## TASK BRIEF
Return all of the entries exactly, with nothing added or left out.

=== DATA PROVIDED ===

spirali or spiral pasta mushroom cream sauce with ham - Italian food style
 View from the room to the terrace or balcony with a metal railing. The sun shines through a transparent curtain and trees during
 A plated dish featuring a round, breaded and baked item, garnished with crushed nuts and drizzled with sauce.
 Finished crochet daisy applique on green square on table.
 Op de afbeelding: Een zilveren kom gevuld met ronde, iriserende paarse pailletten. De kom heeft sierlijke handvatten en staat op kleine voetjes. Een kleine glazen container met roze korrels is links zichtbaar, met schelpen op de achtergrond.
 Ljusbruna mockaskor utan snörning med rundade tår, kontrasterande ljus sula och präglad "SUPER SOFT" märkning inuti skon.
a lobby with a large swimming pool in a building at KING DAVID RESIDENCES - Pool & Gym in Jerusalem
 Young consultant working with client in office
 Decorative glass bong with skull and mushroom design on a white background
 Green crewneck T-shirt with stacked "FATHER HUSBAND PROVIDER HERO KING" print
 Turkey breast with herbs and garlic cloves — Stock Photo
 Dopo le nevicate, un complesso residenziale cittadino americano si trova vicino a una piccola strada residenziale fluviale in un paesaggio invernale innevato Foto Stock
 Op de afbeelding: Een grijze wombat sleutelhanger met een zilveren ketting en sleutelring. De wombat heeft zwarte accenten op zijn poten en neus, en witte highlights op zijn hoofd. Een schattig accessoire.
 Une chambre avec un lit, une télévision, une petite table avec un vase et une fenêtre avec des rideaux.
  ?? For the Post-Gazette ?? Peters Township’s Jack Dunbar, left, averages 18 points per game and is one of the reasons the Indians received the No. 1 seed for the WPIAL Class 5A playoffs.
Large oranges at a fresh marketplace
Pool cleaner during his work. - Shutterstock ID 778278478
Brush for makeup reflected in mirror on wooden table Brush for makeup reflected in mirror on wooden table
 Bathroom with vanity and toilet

===

## RESPONSE FOR THIS EXERCISE
spirali or spiral pasta mushroom cream sauce with ham - Italian food style
 View from the room to the terrace or balcony with a metal railing. The sun shines through a transparent curtain and trees during
 A plated dish featuring a round, breaded and baked item, garnished with crushed nuts and drizzled with sauce.
 Finished crochet daisy applique on green square on table.
 Op de afbeelding: Een zilveren kom gevuld met ronde, iriserende paarse pailletten. De kom heeft sierlijke handvatten en staat op kleine voetjes. Een kleine glazen container met roze korrels is links zichtbaar, met schelpen op de achtergrond.
 Ljusbruna mockaskor utan snörning med rundade tår, kontrasterande ljus sula och präglad "SUPER SOFT" märkning inuti skon.
a lobby with a large swimming pool in a building at KING DAVID RESIDENCES - Pool & Gym in Jerusalem
 Young consultant working with client in office
 Decorative glass bong with skull and mushroom design on a white background
 Green crewneck T-shirt with stacked "FATHER HUSBAND PROVIDER HERO KING" print
 Turkey breast with herbs and garlic cloves — Stock Photo
 Dopo le nevicate, un complesso residenziale cittadino americano si trova vicino a una piccola strada residenziale fluviale in un paesaggio invernale innevato Foto Stock
 Op de afbeelding: Een grijze wombat sleutelhanger met een zilveren ketting en sleutelring. De wombat heeft zwarte accenten op zijn poten en neus, en witte highlights op zijn hoofd. Een schattig accessoire.
 Une chambre avec un lit, une télévision, une petite table avec un vase et une fenêtre avec des rideaux.
  ?? For the Post-Gazette ?? Peters Township’s Jack Dunbar, left, averages 18 points per game and is one of the reasons the Indians received the No. 1 seed for the WPIAL Class 5A playoffs.
Large oranges at a fresh marketplace
Pool cleaner during his work. - Shutterstock ID 778278478
Brush for makeup reflected in mirror on wooden table Brush for makeup reflected in mirror on wooden table
 Bathroom with vanity and toilet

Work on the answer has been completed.